Der Überholabstand beträgt 150-200cm. Trotzdem begegnet man immer wieder Autofahrern, die offensichtlich einen Abstand von 15-20cm für ausreichend halten. Da berührt dann der Außenspiegel fast die Schulter oder den Lenker des Radfahrers. Ein solches Manöver ist saugefährlich! An einem stehenden Hindernis kann man vielleicht so dicht vorbeifahren, wenn der Radfahrer sich aber nur ein wenig erschreckt, zuckt oder ins Schlingern gerät, kann es leicht zu einem Sturz kommen.

Jetzt reicht ein wenig Kopfrechnen: Bordsteinabstand 80 cm, Radfahrerbreite 60 cm, Überholabstand mindestens 150 cm. Also muss ich als Autofahrer mindestens einen Abstand von 2,9 Metern vom Bordstein halten, um einen Radfahrer sicher zu überholen.

Die übliche Breite eines Fahrstreifens beträgt hierzulande zwischen 3 und 3,5 Meter. Daraus ergibt sich ganz klar: Will ein Autofahrer einen Radfahrer gefahrlos überholen, muss er mit seinem kompletten Fahrzeug auf den nächsten Fahrstreifen wechseln.

Das bedeutet im Klartext:

Tipp: Um dem Gebot gegenseitiger Rücksichtnahme zu folgen, sollten Radfahrer dem schnelleren Autoverkehr Möglichkeiten zum Überholen geben, indem sie z.B. in eine größere Parklücke ausscheren. Vermeiden Sie jedoch, jede kleine Parklücke auszufahren, da sonst gefährliche Überholvorgänge provoziert werden.

Natürlich soll man sich im Straßenverkehr möglichst wenig gegenseitig ärgern. Das verlangt schon §1 der StVO. Radfahrer sollen also Autofahrer nicht über Gebühr ärgern oder behindern. Trotzdem hilft es, den Ausspruch eines leitenden Polizisten im Hinterkopf zu haben: „Fahren Sie dort, wo Sie die Autofahrer ärgern. Nur dann werden Sie sicher gesehen.“ Zwingen Sie den Autofahrer, Sie wie ein Motorrad oder Auto zu überholen. Das ist für alle am sichersten.

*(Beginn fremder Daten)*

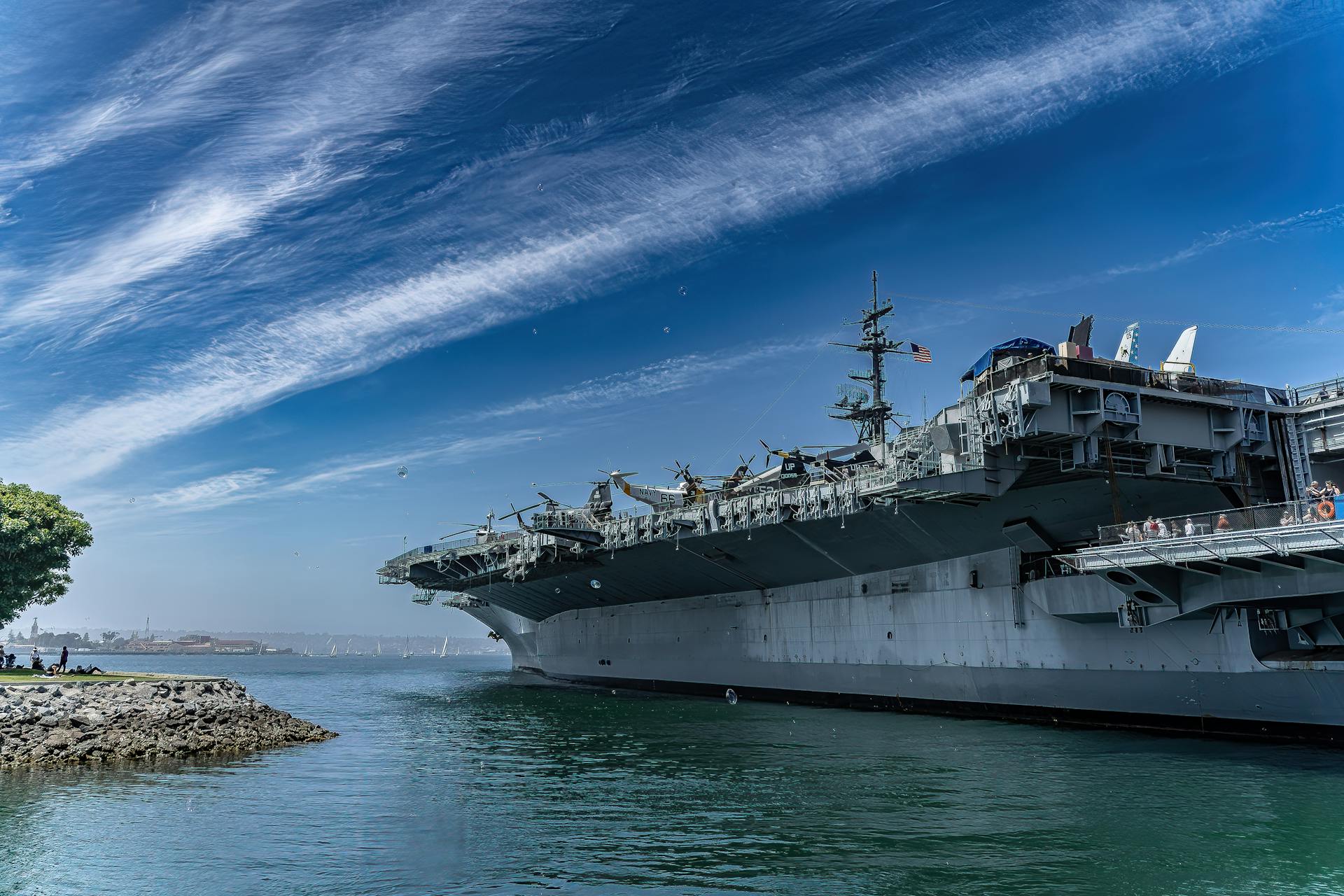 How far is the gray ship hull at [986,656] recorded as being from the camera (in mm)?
20391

Radfahrer korrekt überholen
So ist es richtig: Der Radfahrer fährt deutlich und mit ordentlichem Sicherheitsabstand auf der Fahrbahn. Der Autofahrer überholt das Fahrrad so, wie er ein Auto überholen würde, nämlich auf der Gegenspur.

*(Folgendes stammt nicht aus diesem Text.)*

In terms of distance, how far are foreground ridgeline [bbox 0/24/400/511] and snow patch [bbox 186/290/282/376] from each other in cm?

Tipp: Radfahrer, die vor dem Autoverkehr Angst haben und deshalb im Rinnstein oder sogar auf dem Bürgersteig fahren, gefährden sich und andere. Üben Sie das Fahren auf der Straße in einer wenig befahrenen Gegend solange, bis Sie sich sicher fühlen, korrekt auf der Fahrbahn fahren zu können. Schauen Sie sich an, wo die Autos mit ihrem rechten Reifen fahren. Näher am Bordstein sollten Sie nicht fahren.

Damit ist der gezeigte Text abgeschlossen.